KUALA LUMPUR, Oct 30 — Selangor has ordered a temporary halt to the construction of the 29-storey condominium near Batu Caves pending the findings of an independent state-level task force to be set up tomorrow, Mentri Besar Tan Sri Khalid Ibrahim said today.
He, however, offered the state’s assurance that the matter would be resolved as soon as possible, admitting that the stop-work order would cost the developers financial losses.
“We must act very fast... because we don’t want to create an unfair business decision.
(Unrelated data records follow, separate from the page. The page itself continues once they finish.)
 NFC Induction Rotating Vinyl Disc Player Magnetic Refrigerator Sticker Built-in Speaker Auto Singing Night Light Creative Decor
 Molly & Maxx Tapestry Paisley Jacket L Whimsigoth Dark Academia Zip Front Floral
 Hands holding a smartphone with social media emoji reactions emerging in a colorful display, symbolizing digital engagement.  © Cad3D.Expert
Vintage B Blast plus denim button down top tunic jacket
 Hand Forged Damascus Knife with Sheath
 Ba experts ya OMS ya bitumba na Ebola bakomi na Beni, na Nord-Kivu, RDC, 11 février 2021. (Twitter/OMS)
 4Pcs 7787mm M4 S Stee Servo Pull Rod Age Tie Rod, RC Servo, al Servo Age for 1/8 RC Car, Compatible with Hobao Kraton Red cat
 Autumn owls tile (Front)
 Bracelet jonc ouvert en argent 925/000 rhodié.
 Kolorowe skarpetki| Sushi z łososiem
Delays lose money but we must also make sure that it must comply with all the regulations … that is what we are trying to do,” Khalid (picture) told a press conference in Parliament.
The Bandar Tun Razak MP said members of the proposed independent task force will be selected during the Selangor state executive council meeting tomorrow.
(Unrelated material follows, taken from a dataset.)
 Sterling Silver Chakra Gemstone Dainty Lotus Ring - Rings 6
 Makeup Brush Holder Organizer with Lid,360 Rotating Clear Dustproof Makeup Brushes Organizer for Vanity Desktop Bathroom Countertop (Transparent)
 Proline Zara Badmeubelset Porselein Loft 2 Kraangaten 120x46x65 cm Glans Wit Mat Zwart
He said the task force would comprise members without any interest in the issue and will include professionals from the relevant industries such as town planners, lawyers and former judges.
“Let us assess what sort of approvals and plans there have been at Batu Caves over the past 10 or 15 years.
“Our idea is to show Selangor folk that we are transparent in our decision-making and accountable,” he said.
The MIC and Gerakan have been leading protests against the condominium development, that they say was approved by the current Pakatan Rakyat (PR) government, a stone’s throw from the limestone caves that house the popular Sri Subramaniar Temple and the venue of Malaysia’s largest gathering to celebrate Thaipusam, a Hindu festival.
In response, Selangor executive councillor Ronnie Liu had revealed over the weekend that the project was given a “planning approval” in 2007 when the Barisan Nasional (BN) coalition governed Selangor, the country’s wealthiest state.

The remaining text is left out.